(SOURCE RECORDS begins)

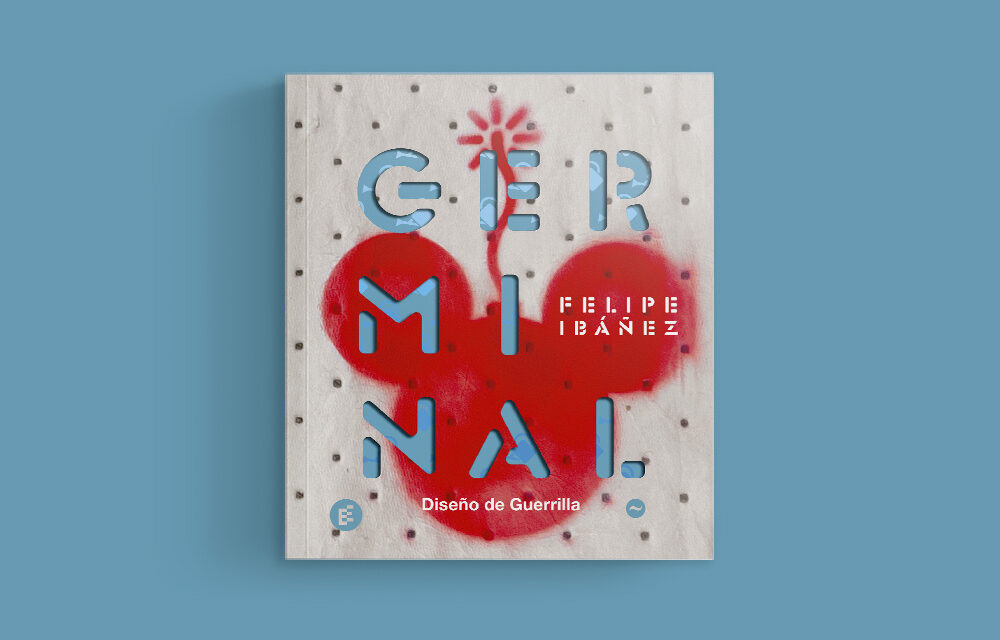 GERMINAL (Diseño de Guerrilla)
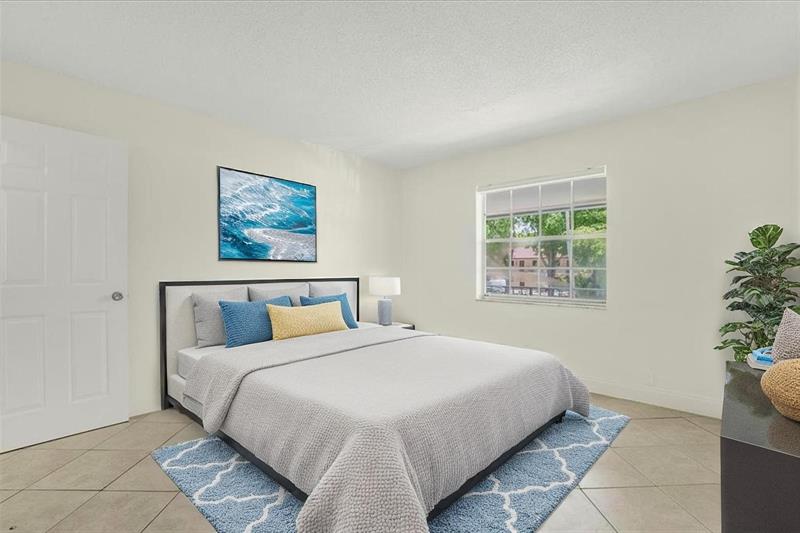 Image 21 of 33 For 10151 35th St  2-b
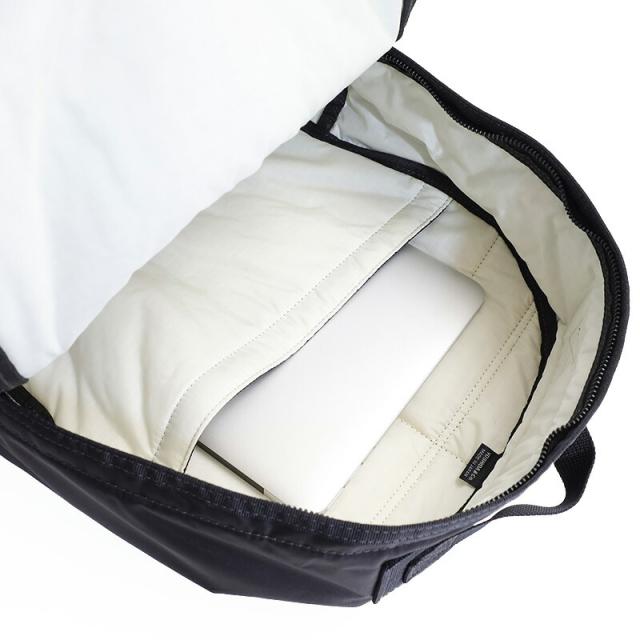 ポーター オール デイパック 502-05958 吉田カバン PORTER ALL DAYPACK with POUCHES リュック_13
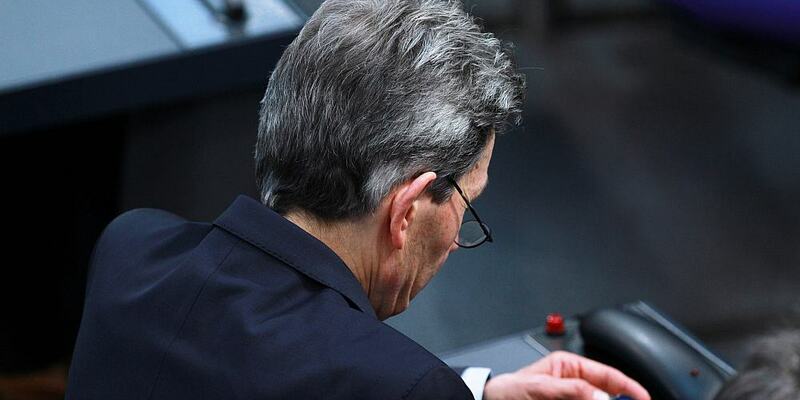 Rolf Mützenich am 22.03.2024 - Foto: über dts Nachrichtenagentur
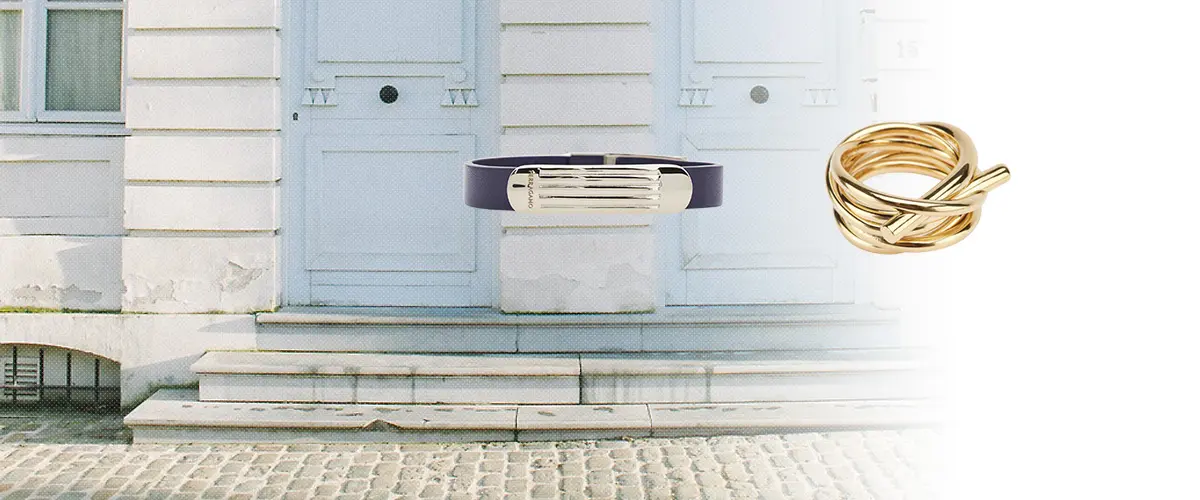 Salvatore Ferragamo(サルヴァトーレフェラガモ) アクセサリー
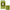 gid://shopify/Product/9874701320520_1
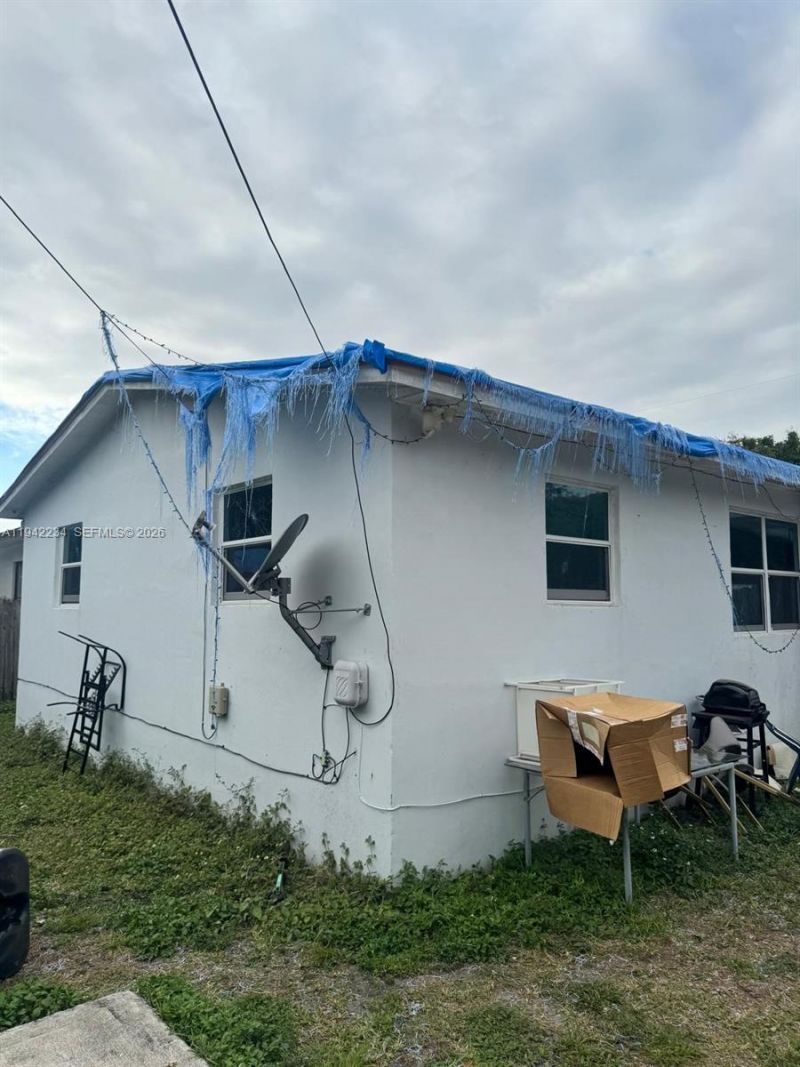 5752 NW 1st Ave, Miami, FL 33127 Photo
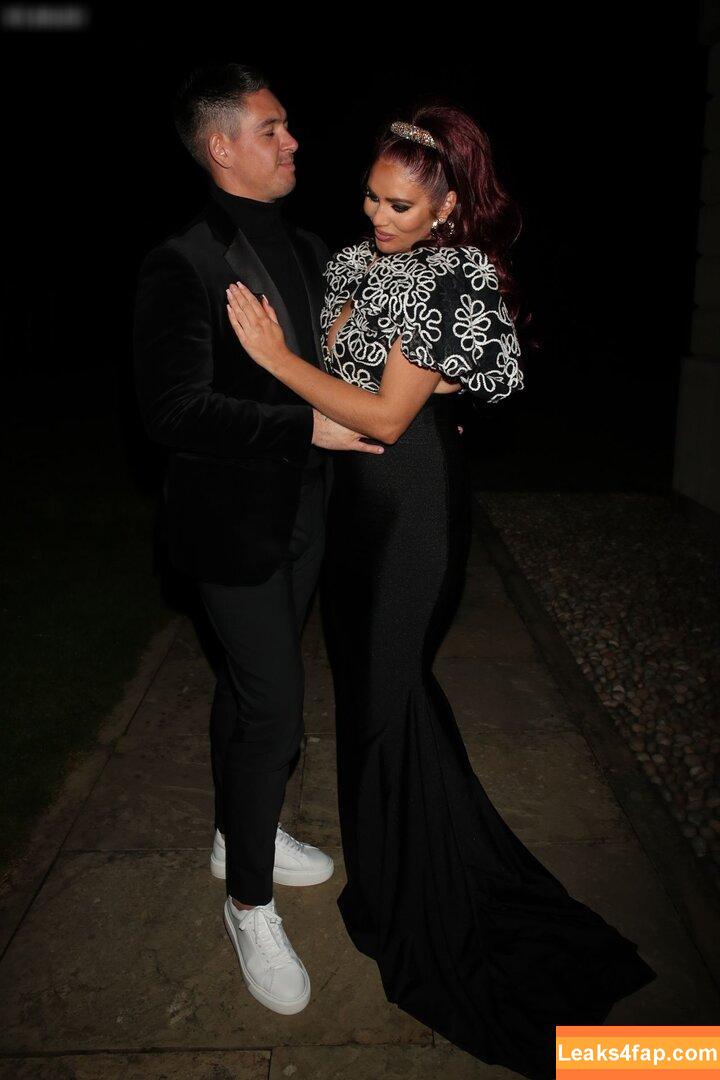 Amy Childs / amychilds1990 leaked photo photo #0027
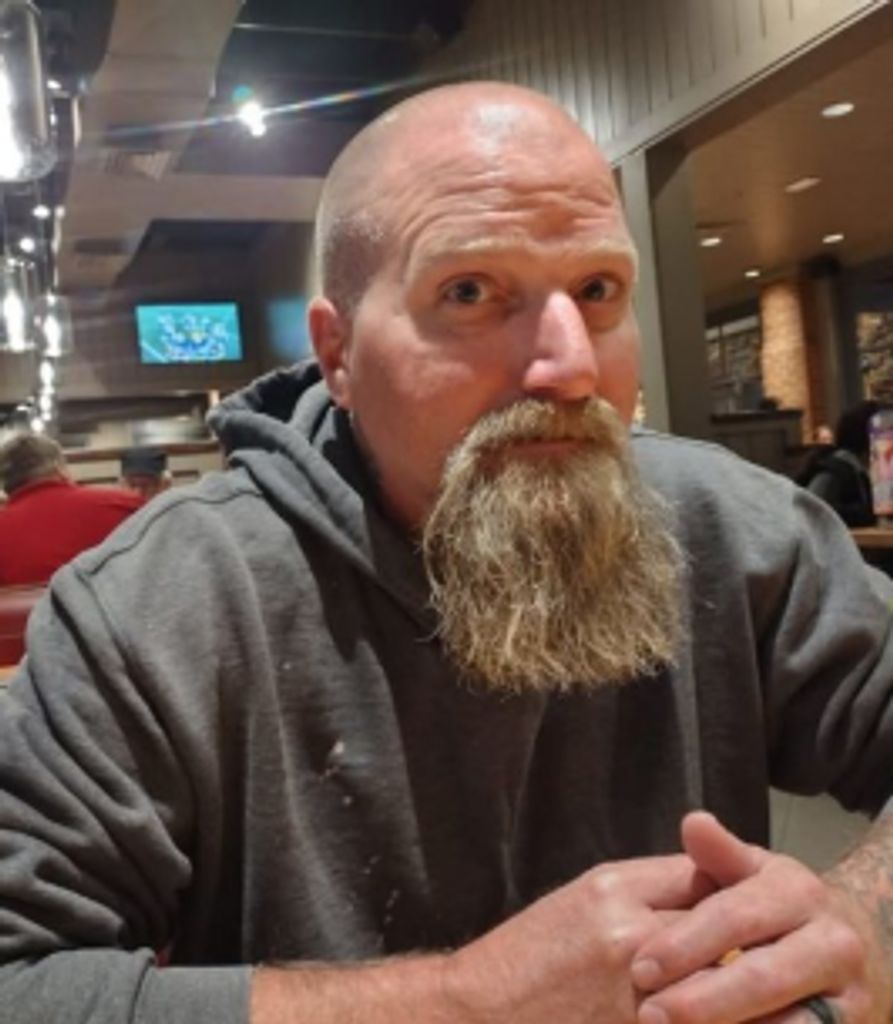 T.J. Johnson Profile Photo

(SOURCE RECORDS ends)

In the records above, find the line containing "5752 NW 1st Ave, Miami, FL 33127 Photo", then please restate it and each line after it word for word, pictures excluded.

 5752 NW 1st Ave, Miami, FL 33127 Photo
 Amy Childs / amychilds1990 leaked photo photo #0027
 T.J. Johnson Profile Photo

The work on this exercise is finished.